We are just two months away from our first in-person Ada Lovelace Day Live event in four years and our excitement is mounting! But don’t worry if you’re not near London – we have a way for you to enjoy the event too.
Hold your own ALD Live watch party!
We will be livestreaming the entire Ada Lovelace Day Live performance, so if you’d like to watch at home, at work, or at your own indie event, then tickets start at £5.73 for non-members of the Royal Institution and can be booked individually or in groups.
So why not invite friends, family, colleagues or your local women in STEM community to get together to watch?

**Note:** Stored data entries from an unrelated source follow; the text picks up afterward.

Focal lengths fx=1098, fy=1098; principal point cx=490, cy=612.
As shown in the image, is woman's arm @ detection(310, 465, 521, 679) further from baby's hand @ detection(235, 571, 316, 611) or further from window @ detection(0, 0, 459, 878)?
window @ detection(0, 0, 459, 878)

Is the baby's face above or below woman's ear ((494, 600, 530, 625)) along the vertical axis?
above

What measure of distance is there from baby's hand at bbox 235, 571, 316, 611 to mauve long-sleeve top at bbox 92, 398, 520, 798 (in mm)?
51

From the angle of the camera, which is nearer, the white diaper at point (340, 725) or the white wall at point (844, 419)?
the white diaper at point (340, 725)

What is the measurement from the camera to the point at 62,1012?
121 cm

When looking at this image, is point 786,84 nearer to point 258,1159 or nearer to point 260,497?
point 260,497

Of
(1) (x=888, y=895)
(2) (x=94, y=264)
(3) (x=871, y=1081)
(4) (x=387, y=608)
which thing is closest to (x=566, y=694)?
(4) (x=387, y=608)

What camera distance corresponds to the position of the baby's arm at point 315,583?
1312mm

We’ve had lots of different types of events held around the world in previous years, but for those of you in a timezone that overlaps with the UK evening, this is the first time you’ll be able to watch live.
If you do organise an event, please let us know by adding it to our map, and we’ll give you a shout-out as we open the event, as well as promote it in our newsletter and on social media.

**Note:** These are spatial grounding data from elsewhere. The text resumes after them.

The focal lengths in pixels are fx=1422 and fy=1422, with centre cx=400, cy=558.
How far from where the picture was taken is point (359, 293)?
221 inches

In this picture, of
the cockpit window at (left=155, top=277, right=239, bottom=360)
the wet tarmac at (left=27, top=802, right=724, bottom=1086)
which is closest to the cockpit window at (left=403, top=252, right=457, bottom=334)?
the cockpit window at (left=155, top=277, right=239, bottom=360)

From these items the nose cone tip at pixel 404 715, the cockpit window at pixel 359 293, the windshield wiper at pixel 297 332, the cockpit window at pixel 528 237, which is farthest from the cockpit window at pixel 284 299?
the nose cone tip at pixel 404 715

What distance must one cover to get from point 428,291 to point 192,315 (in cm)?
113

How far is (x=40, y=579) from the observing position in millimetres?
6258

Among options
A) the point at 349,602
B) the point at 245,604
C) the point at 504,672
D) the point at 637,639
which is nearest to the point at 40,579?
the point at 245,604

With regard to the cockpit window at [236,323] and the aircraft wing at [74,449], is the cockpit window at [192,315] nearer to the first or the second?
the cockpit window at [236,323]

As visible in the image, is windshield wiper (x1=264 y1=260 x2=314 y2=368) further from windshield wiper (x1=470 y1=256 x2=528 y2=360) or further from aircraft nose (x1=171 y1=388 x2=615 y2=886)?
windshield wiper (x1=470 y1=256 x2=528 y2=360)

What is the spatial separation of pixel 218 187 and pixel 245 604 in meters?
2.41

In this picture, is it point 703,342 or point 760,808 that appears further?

The live performance is scheduled to kick off at about 19:30 London time, which will be these times around the world:
Wednesday 11 October
Sydney, Australia: 05:30
Auckland, NZ: 07:30
Mumbai, India: 00:00
Tuesday 10 October
Bucharest, Romania: 21:30
Paris, France: 20:30
Reykjavik, Iceland: 18:30
Rio de Janeiro, Brazil: 15:30
New York, USA: 14:30
San Francisco, USA: 11:30
Anchorage, USA: 10:30
Honolulu, USA: 08:30
We hope you’ll join us!
New Ada Lovelace graded reader
A graded reader is a short book aimed at teens and adults who are learning English as a second language. The book includes a glossary and various comprehension and language activities to help the reader improve their English.
“Researching it was great fun,” said Angela in an email. “I went down so many fascinating rabbit holes with the cast of characters and have definitely become an Ada fangirl.”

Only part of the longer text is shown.